Un chirurgien condamné pour avoir oublié une compresse qui a provoqué la double amputation d'un patient

Après une opération du cœur en février 2011, dans un hôpital de Bordeaux, Gilles, 53 ans, avait dû être amputé des deux jambes à cause d'une compresse oubliée. Le chirurgien a été condamné à six mois de prison avec sursis pour “blessures involontaires” lors du jugement au tribunal correctionnel, ce mercredi. 

L’énorme erreur médicale s’est déroulée le 4 février 2011. La victime, un ancien conducteur de bennes aujourd’hui âgé de 61 ans, est opéré du cœur au CHU de Bordeaux, dans un service de Haut-Lévêque. Après avoir réalisé un triple pontage et posé une prothèse au patient, le chirurgien en charge de l’opération laisse la suite de l’intervention se poursuivre par son équipe. 

Quelques minutes après son départ, une infirmière alerte ses collègues car une compresse a été oubliée, explique Sud-Ouest. Le chirurgien est alors prévenu par téléphone. Ce dernier demande à distance qu’une échographie transœsophagienne soit réalisée mais elle ne permet pas de retrouver la compresse qui a migré dans la circulation sanguine du patient. 

Sur la table d’opération depuis plus de cinq heures, le patient doit être recousu car il risque une infection. C’est ce qu’ordonne le chirurgien. Mais deux heures après son réveil, le patient ne sent plus ses jambes. Il est opéré une deuxième fois pour se faire amputer de ses membres inférieurs, quelques jours plus tard. 

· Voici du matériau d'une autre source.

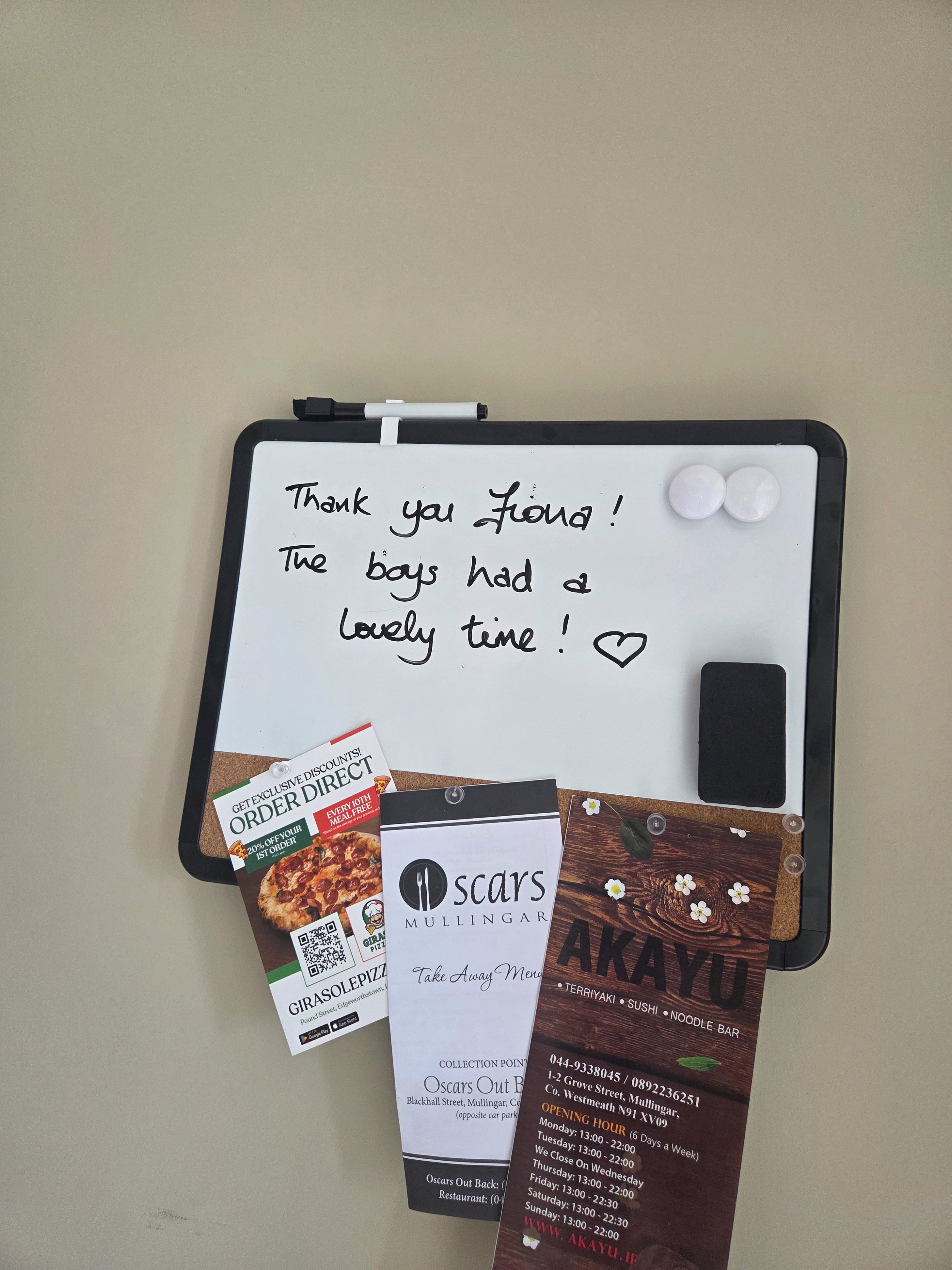 A whiteboard with a handwritten note, a pizza coupon, a take-away menu, and a receipt.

Six mois de prison avec sursis

Seul coupable jugé pour cette erreur médicale, le chirurgien a donc écopé de six mois de prison avec sursis alors que trois mois avait été requis par la procureure. Le chirurgien, âgé de 51 ans, exerce désormais dans une clinique privée bordelaise, précise le site 20 minutes. Son avocate, Me Cadiot-Feidt, avait plaidé la relaxe en pointant “une défaillance du système et non de son client”.

Mais le tribunal a donc estimé que le chirurgien avait fait preuve de “désinvolture” pour ne pas être retourné en salle d’opération, donnant seulement des ordres par téléphone à un chirurgien “junior”. Les recherches pour retrouver la compresse n’ont pas été jugées suffisantes par le tribunal. Des experts ont en effet pointé qu'un autre type d’examen aurait permis de retrouver le matériel perdu et sauver les jambes du patient.

De leur côté, les parties civiles ont été déboutées de leur demande de réparation de préjudice moral et renvoyées vers la justice administrative.